Berkeley Haas Case Study on Burning Man to be featured by The Battery
July 10, 2018
The Berkeley Haas Case Series publication “Burning Man: Moving from a For-profit to a Nonprofit, the Ultimate Act of Gifting,” written by Berkeley Haas Social Impact Fellow Jennifer Walske, has been selected to be featured in the August edition of “Candy” magazine. The magazine is published regularly by The Battery, a San Francisco-based private membership club attended by Elon Musk, Sergey Brin, and other Bay Area luminaries.

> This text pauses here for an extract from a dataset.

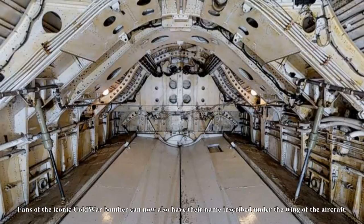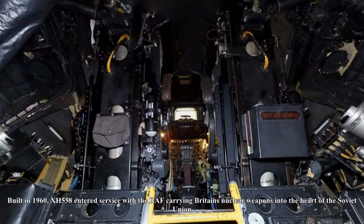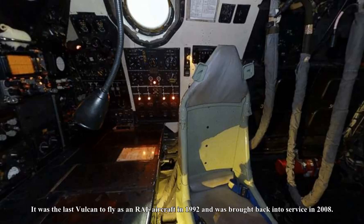Fans of the iconic Cold War bomber can now also have their name inscribed under the wing of the aircraft. Built in 1960, XH-558 entered service with the RAF carrying Britain's nuclear weapons into the heart of the Soviet Union. It was the last Vulcan to fly as an RAF aircraft in 1992 and was brought back into service in 2008.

The original case study, which focuses on Burning Man Project’s transition from a for-profit to a nonprofit organizational structure, was also the subject of a Dean’s Speaker Series event in March 2018. Burning Man founding board member Michael Mikel spoke with Berkeley Haas Dean Richard Lyons about the organization’s origins -- as a small gathering on Baker Beach in San Francisco – and its current success as one of the most widely-attended cultural events in the world. The annual Burning Man Festival, in which an area of Black Rock Desert, Nevada is converted into a fully-functional, temporary city, was attended by more than 70,000 people in 2017. In line with the organization’s cultural values of “gifting,” the founding board members agreed to gift their ownership to a newly-formed 501(c)(3) nonprofit, the Burning Man Foundation. The transition to a nonprofit structure is due to be formally concluded in 2018.

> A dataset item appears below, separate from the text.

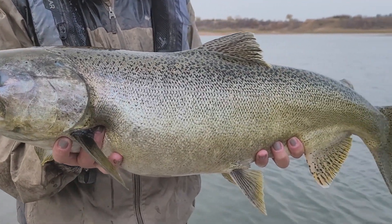Salmon spawning is in full swing at Lake Sakakawea. I'm Mike Anderson with the North Dakota Game and Fish Department. My guest this week is fisheries biologist Russ Kinsler.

Walske, along with Berkeley Haas Interim Dean Laura Tyson, is also the author of a newly-published case study on microfinance, focused on the company Grameen America -- an affiliate of Grameen Bank. Based on the original microfinance model pioneered by Muhammad Yunus, Grameen America operates in underserved communities across the United States, providing small business loans to women entrepreneurs who might otherwise be barred from taking out a loan at a larger bank due to lack of opportunities and access to safe and secure banking options.